As a guy who gets frequently, but not always with the kind of girls I want, I’ve started to take more stock looking back at the personalities of these women. Definitely telling for introspective reasons as I was a rather shy kid for a good portion of my childhood and this reflects back at the kind of women I pull.
I’ve just noticed that the startling majority were social outcasts in a way and definitely on the shyer end of the spectrum. Heavily suffering or wowed from the transition to beautiful swan from ugly duckling. It’s always been that way and it feels like I’m projecting in a way.
Over-empathizing might definitely be bad game. Empathy is cool and all. It’s great for approaching a girl from the proper social angle, alcohol+drug fueled benders being the exception to that general rule, but it definitely gets me sucked into a pattern. I try too hard to not scare the cat that I end up denying myself sexual gratification unless she is that kind of tiny cat that needs coddling.

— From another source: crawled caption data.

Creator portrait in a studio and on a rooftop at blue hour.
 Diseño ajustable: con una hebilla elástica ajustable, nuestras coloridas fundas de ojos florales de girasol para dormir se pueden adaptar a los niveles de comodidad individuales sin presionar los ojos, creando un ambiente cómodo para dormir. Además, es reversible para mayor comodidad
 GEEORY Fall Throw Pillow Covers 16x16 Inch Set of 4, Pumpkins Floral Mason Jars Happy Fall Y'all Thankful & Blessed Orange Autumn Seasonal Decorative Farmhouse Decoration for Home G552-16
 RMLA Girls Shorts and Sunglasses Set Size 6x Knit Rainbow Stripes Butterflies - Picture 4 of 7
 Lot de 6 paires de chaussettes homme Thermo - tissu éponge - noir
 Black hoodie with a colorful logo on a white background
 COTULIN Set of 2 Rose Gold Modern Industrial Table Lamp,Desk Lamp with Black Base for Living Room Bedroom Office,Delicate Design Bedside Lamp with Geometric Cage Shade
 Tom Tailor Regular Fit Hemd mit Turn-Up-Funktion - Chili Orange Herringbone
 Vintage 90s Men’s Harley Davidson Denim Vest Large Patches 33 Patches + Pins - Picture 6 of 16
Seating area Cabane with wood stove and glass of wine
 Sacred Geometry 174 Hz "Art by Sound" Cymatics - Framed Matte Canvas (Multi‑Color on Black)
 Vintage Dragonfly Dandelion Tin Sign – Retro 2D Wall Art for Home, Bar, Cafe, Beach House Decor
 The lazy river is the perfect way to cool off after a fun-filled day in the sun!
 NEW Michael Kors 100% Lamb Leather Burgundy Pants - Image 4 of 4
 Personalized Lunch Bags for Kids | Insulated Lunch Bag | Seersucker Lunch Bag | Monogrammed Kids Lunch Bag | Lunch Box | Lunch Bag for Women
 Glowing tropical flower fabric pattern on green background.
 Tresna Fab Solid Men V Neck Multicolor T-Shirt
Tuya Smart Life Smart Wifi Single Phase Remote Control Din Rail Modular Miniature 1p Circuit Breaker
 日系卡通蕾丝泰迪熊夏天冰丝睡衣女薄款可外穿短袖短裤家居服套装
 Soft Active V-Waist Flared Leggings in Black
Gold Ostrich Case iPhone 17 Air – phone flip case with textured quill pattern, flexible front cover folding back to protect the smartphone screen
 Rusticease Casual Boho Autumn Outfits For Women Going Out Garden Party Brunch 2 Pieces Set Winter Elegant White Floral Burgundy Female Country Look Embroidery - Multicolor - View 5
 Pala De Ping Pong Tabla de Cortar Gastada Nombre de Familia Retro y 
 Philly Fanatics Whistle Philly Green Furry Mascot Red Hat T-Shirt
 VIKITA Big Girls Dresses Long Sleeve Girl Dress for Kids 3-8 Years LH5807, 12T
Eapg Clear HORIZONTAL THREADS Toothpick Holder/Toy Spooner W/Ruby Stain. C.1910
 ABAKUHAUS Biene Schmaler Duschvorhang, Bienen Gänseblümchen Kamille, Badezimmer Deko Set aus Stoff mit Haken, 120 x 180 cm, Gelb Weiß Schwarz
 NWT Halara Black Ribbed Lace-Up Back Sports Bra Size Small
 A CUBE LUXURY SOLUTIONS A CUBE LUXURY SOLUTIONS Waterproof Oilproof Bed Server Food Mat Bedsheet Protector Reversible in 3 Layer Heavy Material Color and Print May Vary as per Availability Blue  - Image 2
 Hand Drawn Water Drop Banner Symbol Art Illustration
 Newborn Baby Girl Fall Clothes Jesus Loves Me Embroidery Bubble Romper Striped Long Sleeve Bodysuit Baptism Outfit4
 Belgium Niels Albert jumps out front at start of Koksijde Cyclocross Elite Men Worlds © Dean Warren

Perhaps it’s just an addiction to that look in these girl’s eyes when they’ve fallen hook, line, sinker. A power trip so I can feel emotionally secure even though I am very much affected when those relationships end and that first fucking I give them means the world at the time.
Or I’m just too complacent in what I like to chase what I can more effectively get and keep. To a wolf a deer with a broken leg is twice as game as the one that’s bigger and sprinting away.
It’s a good thing to meditate on. Might help me get more variety personality wise.